Sterling turun terhadap euro pada Kamis karena Bank of England (BoE) meningkatkan stimulus pembelian obligasi sebesar 150 miliar pound.

Gubernur Bank of England Andrew Bailey mengatakan bank sentral siap untuk memompa lebih banyak uang ke ekonomi Inggris jika prospek inflasi melemah.

BoE dan Sterling

BoE Sterling
Sumber: computerworld.com

Sterling menguat terhadap dolar, bagaimanapun, karena para pedagang melihat alasan untuk membeli mata uang berisiko karena ekspektasi penantang Demokrat Joe Biden akan menjadi presiden AS berikutnya.

Biden mendekati kemenangan dalam pemilihan presiden pada hari Kamis ketika pejabat pemilihan menghitung suara di beberapa negara bagian yang akan menentukan hasilnya.

BoE mempertahankan suku bunga acuan tidak berubah di 0,1% pada hari Kamis. Tetapi pada Rabu malam, laporan dari dua surat kabar Inggris menyarankan bank sentral siap untuk memangkas suku bunga di bawah nol dan sedang melihat untuk memperluas program pelonggaran kuantitatif lebih dari yang sebenarnya.

Surat kabar The Telegraph melaporkan, tanpa mengutip sumber apa pun, bahwa bank sentral sedang mempertimbangkan untuk memindahkan suku bunga negatif. The Sun juga melaporkan bahwa bank sentral mungkin akan memperluas program pelonggaran kuantitatif sebesar 150 miliar hingga 200 miliar pound.

Gubernur Andrew Bailey mengatakan bank sentral akan melihat bagaimana The Sun mendapatkan informasi tersebut.

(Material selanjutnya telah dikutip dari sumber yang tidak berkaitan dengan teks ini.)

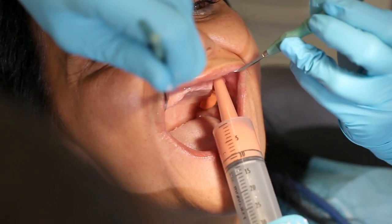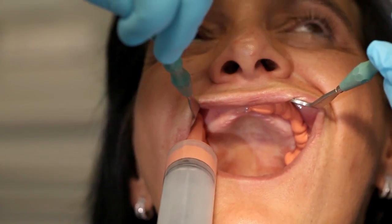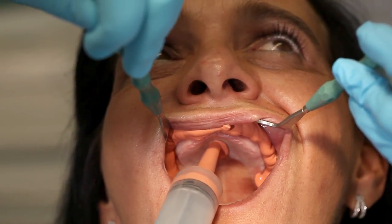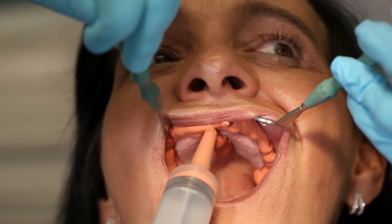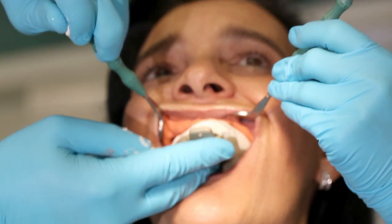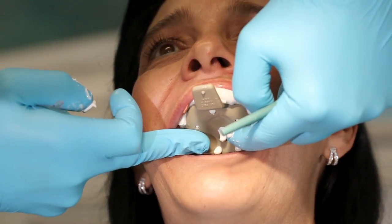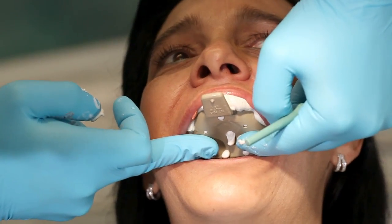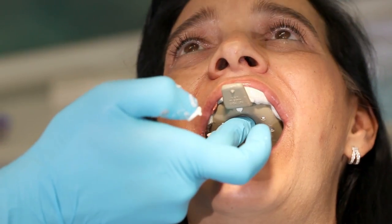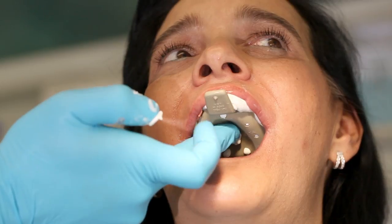Inject the low viscosity material into the mucolabial fold of the upper jaw, starting behind the maxillary tuberosity. Make sure that the lips and cheeks are sufficiently retracted during this working step. Apply the last portion to the anterior palatal area, then rotate the tray into place. First press it into place in the anterior region to keep the lip away, then rotate it slowly upwards towards the posterior region until impression material escapes at the dorsal margin of the tray.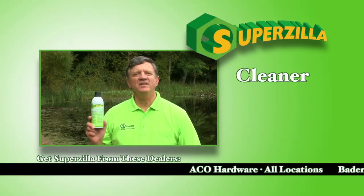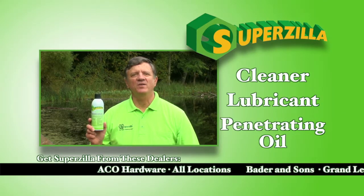Welcome to the world of Superzilla. It's a cleaner, a lubricant, and a penetrating oil all in one formula.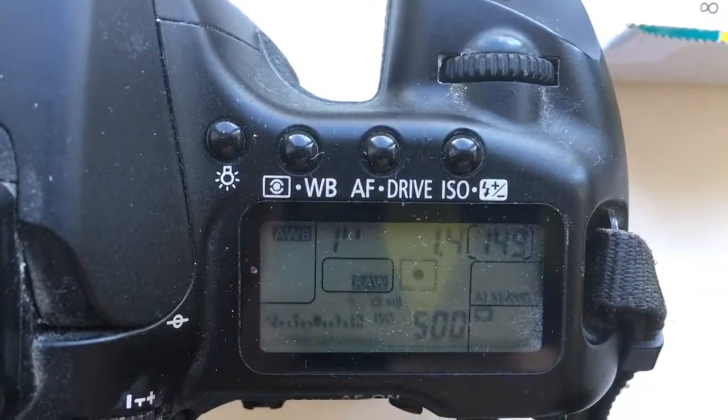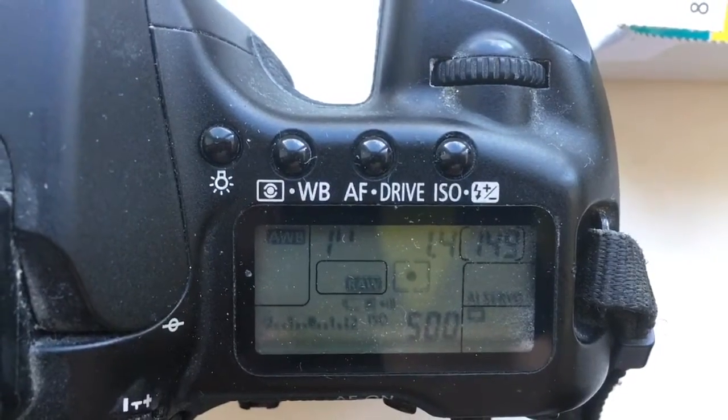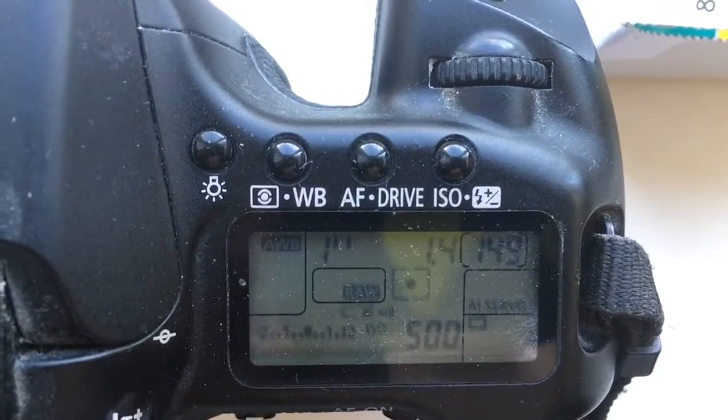Delight time to enter program mode 1 second. Focal lens 85 mm. Aperture 1.4.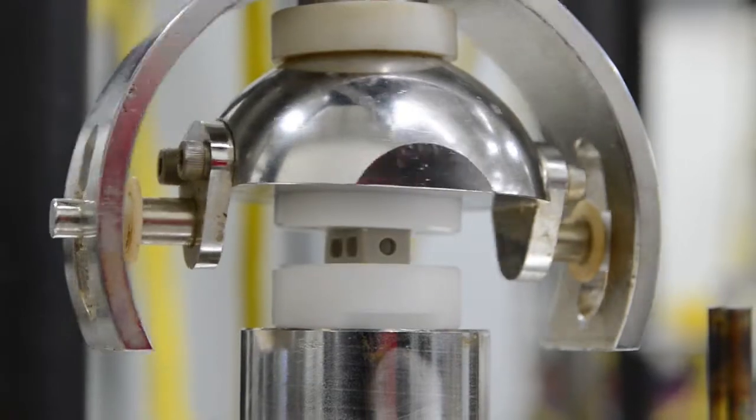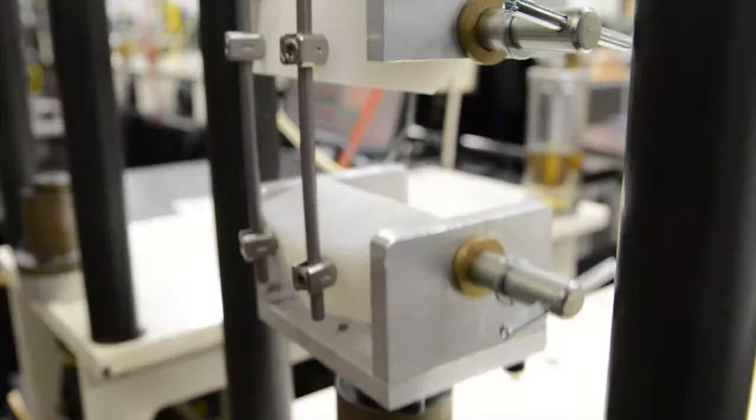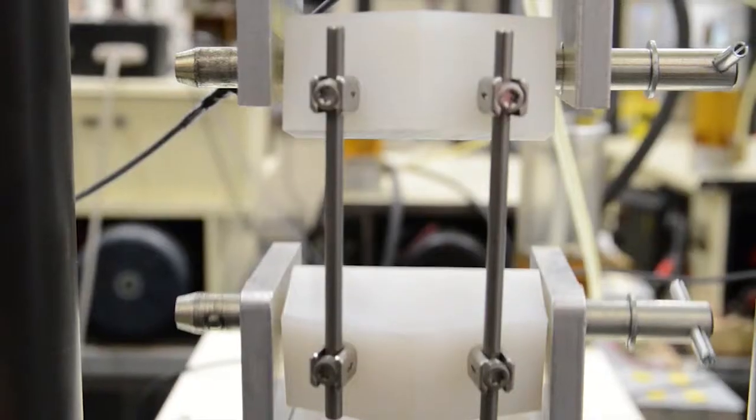We do a lot of spine testing at AccuTech. We test to both ASTM F1717 and F2077. For F1717 testing, we do static compression, static torsion, and dynamic compression testing. Those are the more common test methods.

Charalambos Pissouros, analis pasar senior di JFD Group mengatakan:

“Pound menguat atas keputusan (BoE) dan ini karena telah jatuh kemarin karena laporan yang mengatakan bahwa BoE sedang mempertimbangkan untuk pindah ke suku bunga negatif dan dapat memperluas program QE-nya sebesar 150 miliar menjadi 200 miliar pound.”

Inggris

Inggris
Sumber: tes.com

Bersamaan dengan dukungan moneter, menteri keuangan Inggris Rishi Sunak akan berjanji untuk mempertahankan skema bailout COVID-19 pemerintah bahkan setelah penguncian berakhir pada 2 Desember, Sun melaporkan.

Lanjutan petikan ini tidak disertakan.